■ **INPUT DATA**:
Content starts

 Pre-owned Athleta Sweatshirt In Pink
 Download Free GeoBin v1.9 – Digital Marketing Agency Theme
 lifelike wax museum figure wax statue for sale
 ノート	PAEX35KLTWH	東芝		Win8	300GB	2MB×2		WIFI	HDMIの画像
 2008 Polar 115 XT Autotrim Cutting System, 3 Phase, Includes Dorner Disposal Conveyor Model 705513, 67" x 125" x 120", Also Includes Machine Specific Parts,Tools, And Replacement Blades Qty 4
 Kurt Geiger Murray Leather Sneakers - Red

Content ends
Content starts

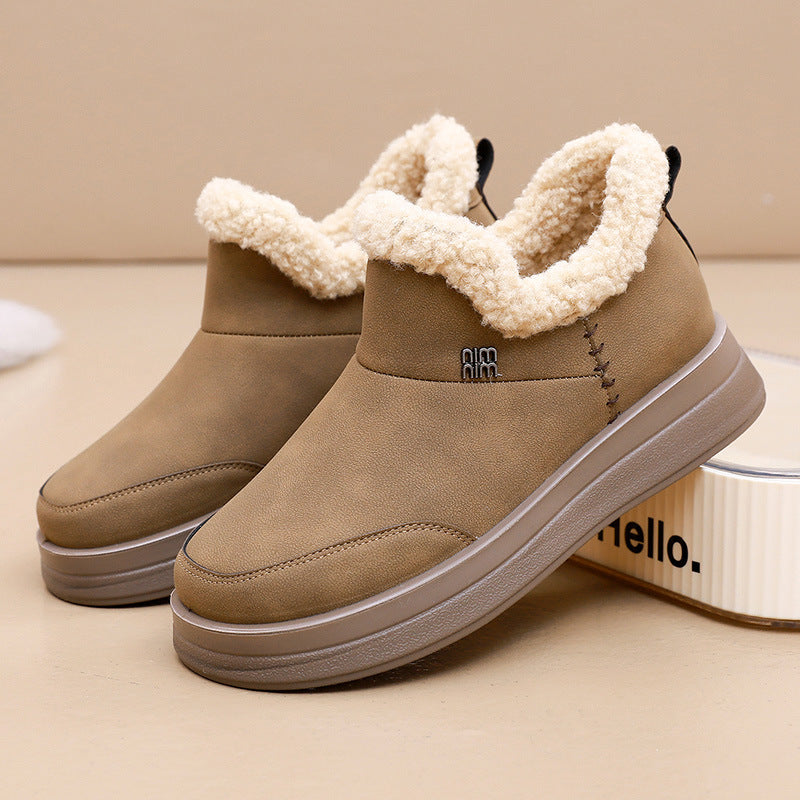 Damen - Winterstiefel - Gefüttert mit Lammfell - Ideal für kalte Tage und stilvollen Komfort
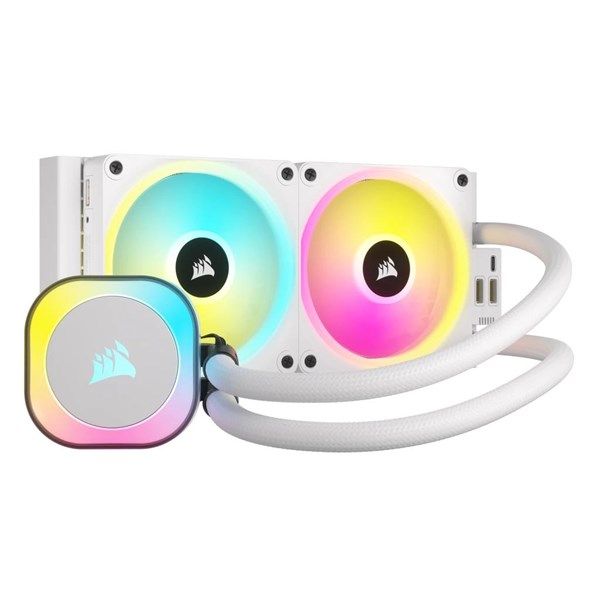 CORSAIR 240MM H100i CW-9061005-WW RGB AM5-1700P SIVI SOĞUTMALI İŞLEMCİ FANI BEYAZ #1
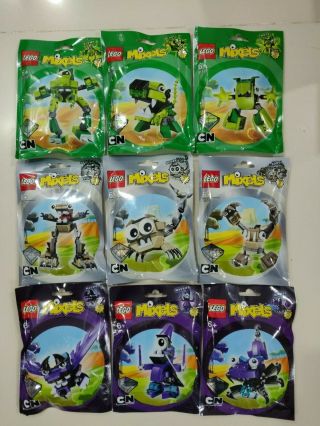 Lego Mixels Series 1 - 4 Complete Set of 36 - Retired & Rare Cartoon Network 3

Content ends

■ **WHAT IS REQUIRED**:
The required output is the stretch of entries above from the line containing "Download Free GeoBin" through the line containing "Kurt Geiger Murray Leather Sneakers - Red", reproduced exactly.

■ **EXERCISE SOLUTION**:
 Download Free GeoBin v1.9 – Digital Marketing Agency Theme
 lifelike wax museum figure wax statue for sale
 ノート	PAEX35KLTWH	東芝		Win8	300GB	2MB×2		WIFI	HDMIの画像
 2008 Polar 115 XT Autotrim Cutting System, 3 Phase, Includes Dorner Disposal Conveyor Model 705513, 67" x 125" x 120", Also Includes Machine Specific Parts,Tools, And Replacement Blades Qty 4
 Kurt Geiger Murray Leather Sneakers - Red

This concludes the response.